In our last post, we discussed the difference between bottled and canned beer which brings us nicely onto another interesting discussion; what’s the difference between real ale and craft beer? Beer is just beer, right? Well, it’s not quite that simple.
In the 1970’s, the Campaign for Real Ale (CAMRA) sought to protect and promote what they defined as 'real ale' from the mass-produced beers available at the time. But what do they categorise as real ale? Well, things have changed since their original definition and they now class real ale as 'live beer', which then begs the question as to what that is 'live beer'? In their words this is, "A beer as any that when first put into its final container contains at least 0.1 million cells of live yeast per millilitre, plus enough fermentable sugar to produce a measurable reduction in its gravity while in that container, whatever it may be."
To clarify, this would be a beer that is intended to continue fermentation when packaged i.e. a bottle or cask conditioned beer. It is important to note, however, that this is not a legally-binding definition, and is only one which CAMRA themselves coined and continually revise over time as the industry changes.
Just like real ale, craft beer also does not have a legally-binding definition here in the UK. It does, however, have one in the US which defines a craft brewer as, "An American craft brewer is a small and independent brewer." Small meaning producing less than 6 million barrels of beer a year and independent meaning less than 25% is externally owned or controlled.
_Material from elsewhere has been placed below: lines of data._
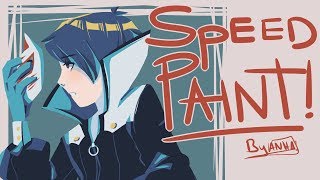 [Persona 5]  Yusuke/Fox (Speedpaint)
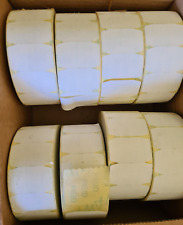 8 x 4500 Preisauszeichner/Handauszeichner Haftetiketten 40x24 weiß ORIGINAL METO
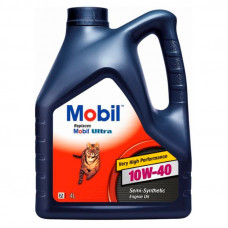 Моторное масло Mobil 10W-40 4 л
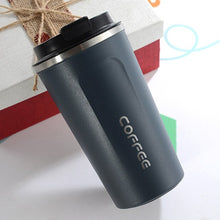 Carregar imagem no visualizador da galeria, Coffee Mug Cup 510ml Funny Thermo Mug Stainless Steel Creative Coffee Cup Travel Cup Eco Friendly Double Bottom Mugs for Tea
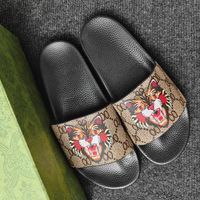 Designers Sandals Luxury Slide Interlocking Women Ladies Hollow new color Platform Slippers Women Slide Sandals Fashion Classics Retro Lovely Sunny Beach Sandals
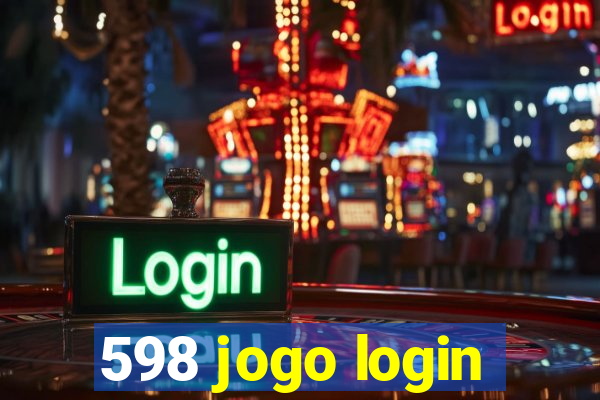 598 jogo login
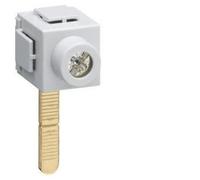 HAGER Borne de raccordement 1P languette 1x35mmÂ² KF83D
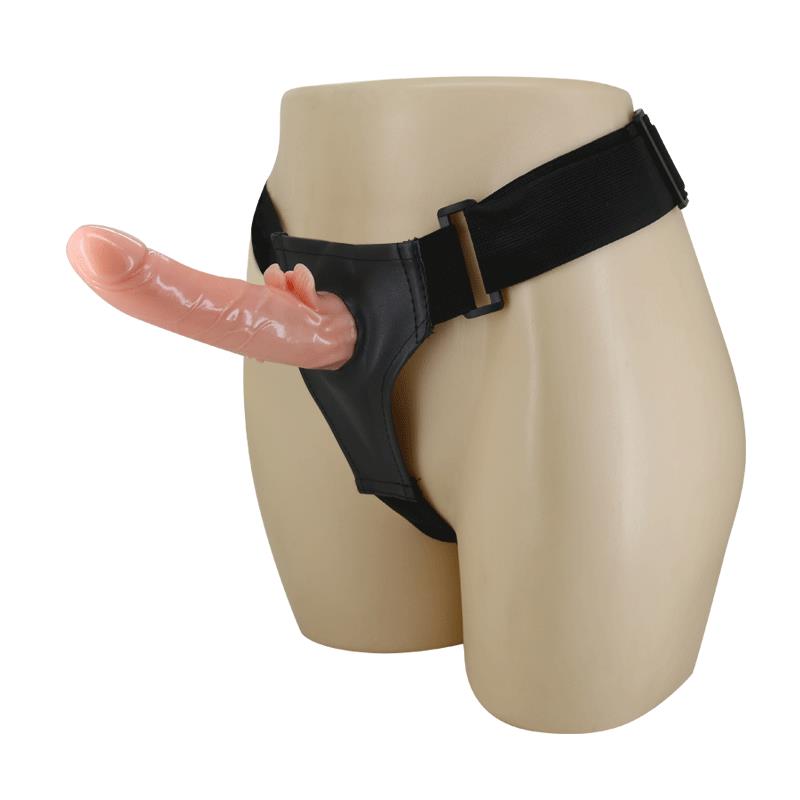 Baile Dildo Strap-On with Remote Control 18 cm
Which begs the question, is there a difference between these two definitions at all? Taking the US definition of craft beer, real ale would fall under this umbrella, but not the reverse way round. Like most things, there are of course grey areas between the two in which beers and breweries both live. However, the simplest way to look at the two (which we believe here at YCB) would be as follows:
Real Ale: A beer brewed using traditional methods and ingredients, usually brewed to be conditioned in cask or bottle (i.e. best bitter, amber ale or pale ale).
Craft Beer: A beer brewed using more modern and diverse ingredients or techniques, usually brewed to be stored and served from can or keg (i.e. IPA, pastry stout or fruited sour).
But, as we mentioned above, some styles can fall into either category and these definitions are guidelines, not hard-set rules, and breweries can play with styles, strengths, flavours and tastes, all for the betterment of beer and its availability.